Sólo a una cosa temo en el mundo: al tiempo. Ningún ser o ente material me aterra, pero el tiempo, aquel monstruo abstracto puede llegar a ponerme los pelos de punta, pues no hay que se le compare. El tiempo arrasa con todo a su paso. Ni una plaga de langostas, ni un bombardeo, ni un incendio, inundación o cualquier otro desastre natural causa los mismos estragos que los causados por el tiempo. Éste le carcome a uno la carne muy lentamente; mueve y erosiona las grandes montañas. El tiempo pudre el alimento, deforma el rostro, destruye las ciudades, y aunque, en un acto de bondad, crea vida y hace crecer la vida, nunca se queda con ella: la va degradando y acaba por matarla
Un asesino puede matar a cientos de personas, pero el hombre castiga al asesino, y finalmente el tiempo detiene el latido de su corazón. Pero ¿No es entonces el tiempo un asesino más peligroso que cualquier se humano? ¿Y quién castiga al tiempo? ¿No es acaso el responsable de la muerte de billones o miles de billones de criaturas? ¿No es el extintor de millones de especies? ¿Y quién hace algo al respecto? ¿Existe algún ente con mayor poder que pueda acabar con él algún día?

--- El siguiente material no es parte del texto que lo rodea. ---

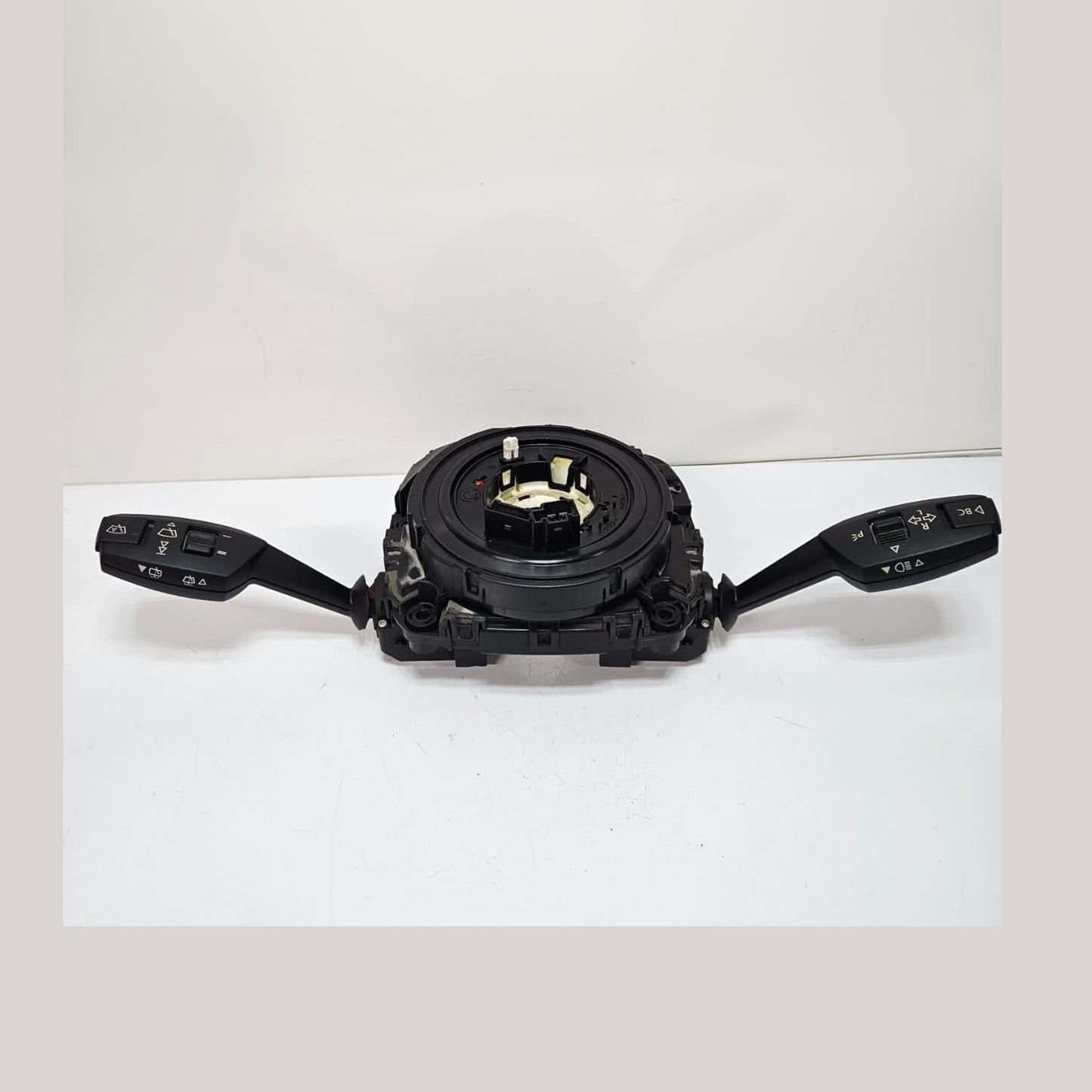 2012-2013 BMW E88, E90 X1 E84 118i Steering Column Switch 9123031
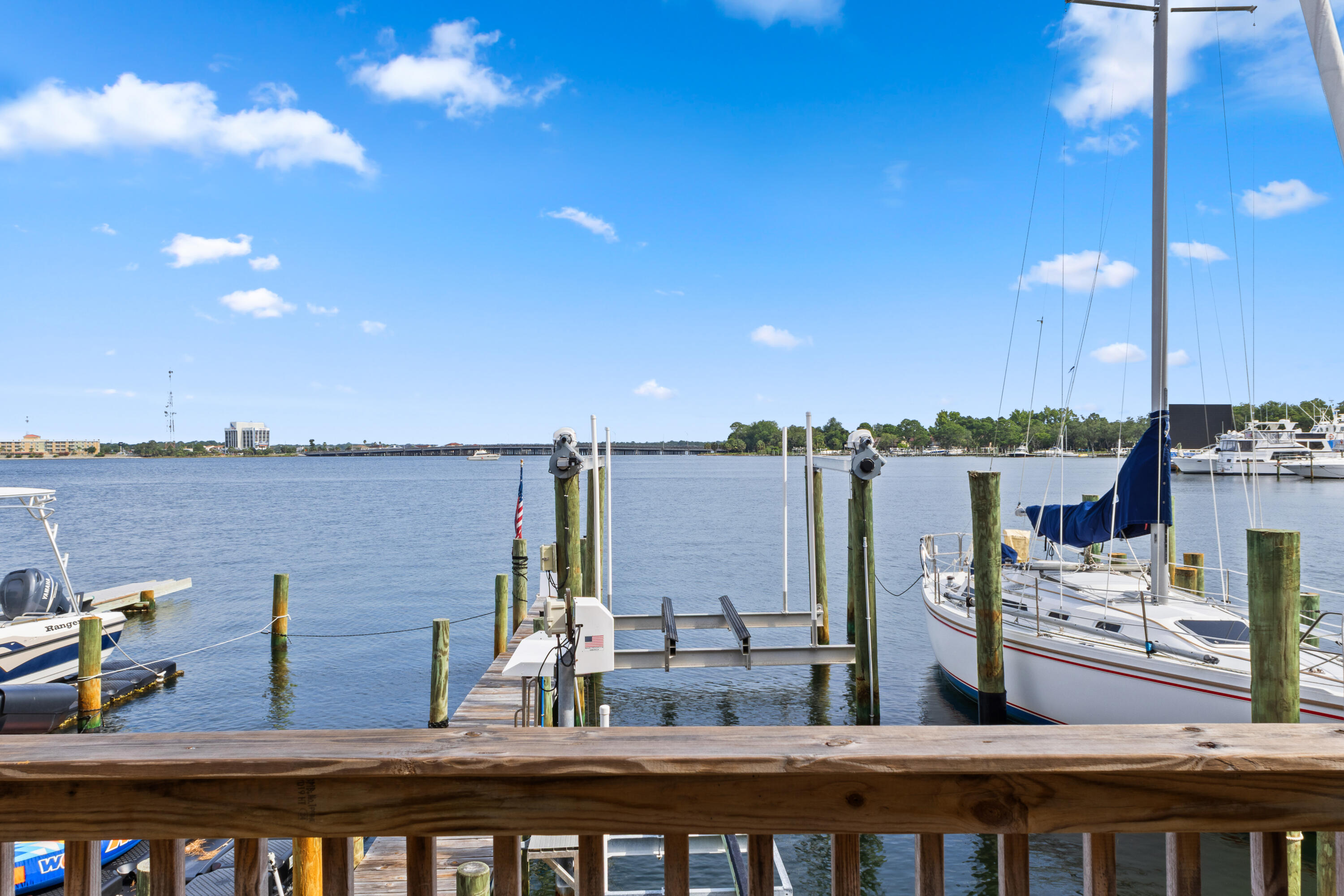 SNUG HARBOR - Residential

Muchos me hablan de Dios: “Dios es el dueño del tiempo- me dicen- él lo controla”. Pero yo no creo que sea así. El tiempo matara a dios así como un niño aplasta a una hormiga. Así, con esa facilidad. Porque dios es como el fuego que al principio crece con gran intensidad y luego lentamente se consume, y acaba por extinguirse. El tiempo, por el contrario seguirá viviendo. Viviendo y matando, y seguirá absorbiendo mi energía vital, me arrugará la cara y las manos, hará que mis pies se cansen más rápido, que mis ojos dejen de ver y que a mis oídos les cueste oír. Luego ablandará mis músculos y desgastará mis órganos, convirtiéndome finalmente en una más de sus víctimas.
Y cuando de mí no quede ya ni el polvo, allí seguirá él, riéndose, mofándose de mi suerte y continuando con su labor, sin que nada ni nadie pueda detenerlo.